(Exercise requirements)
Return, with both end lines included, exactly what the data below holds from the line with "Una foto de" through the line with "Ping Pong Club Skylight", though not the pictures.

(Material provided)

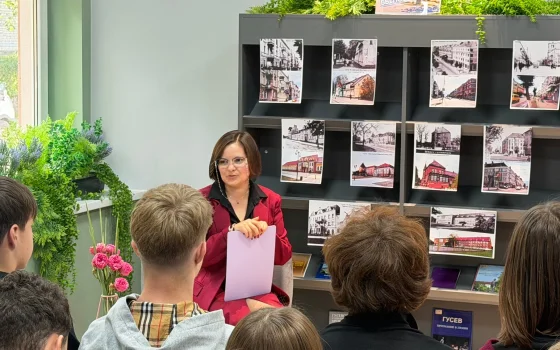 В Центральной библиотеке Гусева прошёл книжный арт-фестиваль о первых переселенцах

* * *

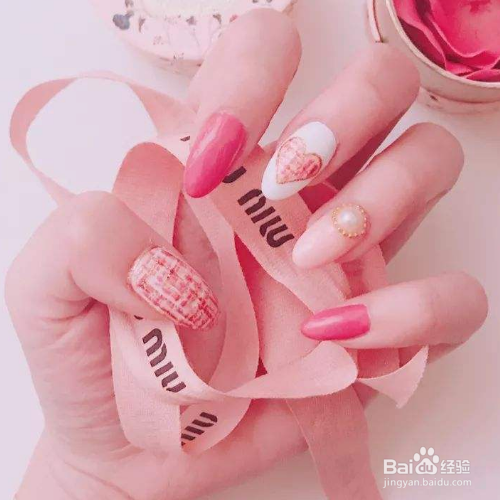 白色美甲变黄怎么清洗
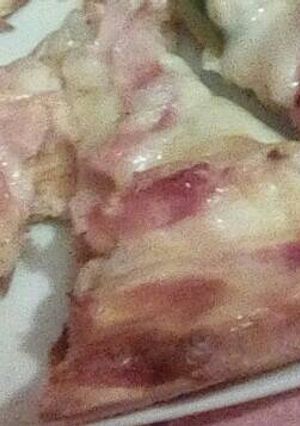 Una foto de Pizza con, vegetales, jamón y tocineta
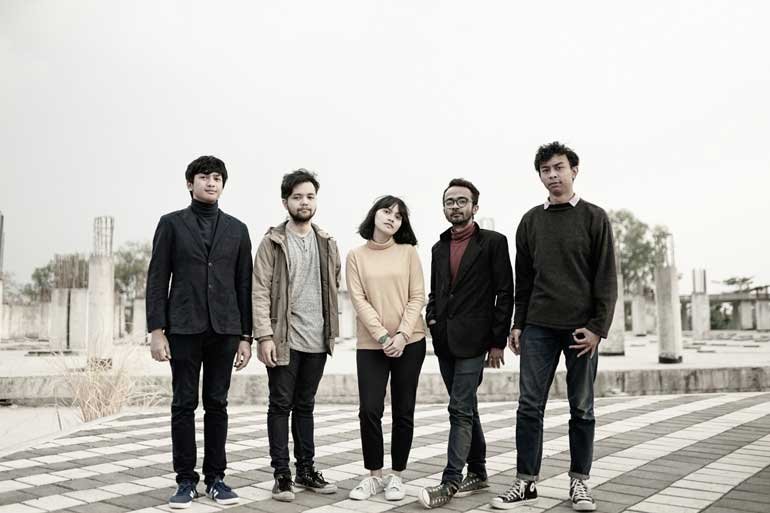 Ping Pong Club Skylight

(Result for this exercise)
 Una foto de Pizza con, vegetales, jamón y tocineta
 Ping Pong Club Skylight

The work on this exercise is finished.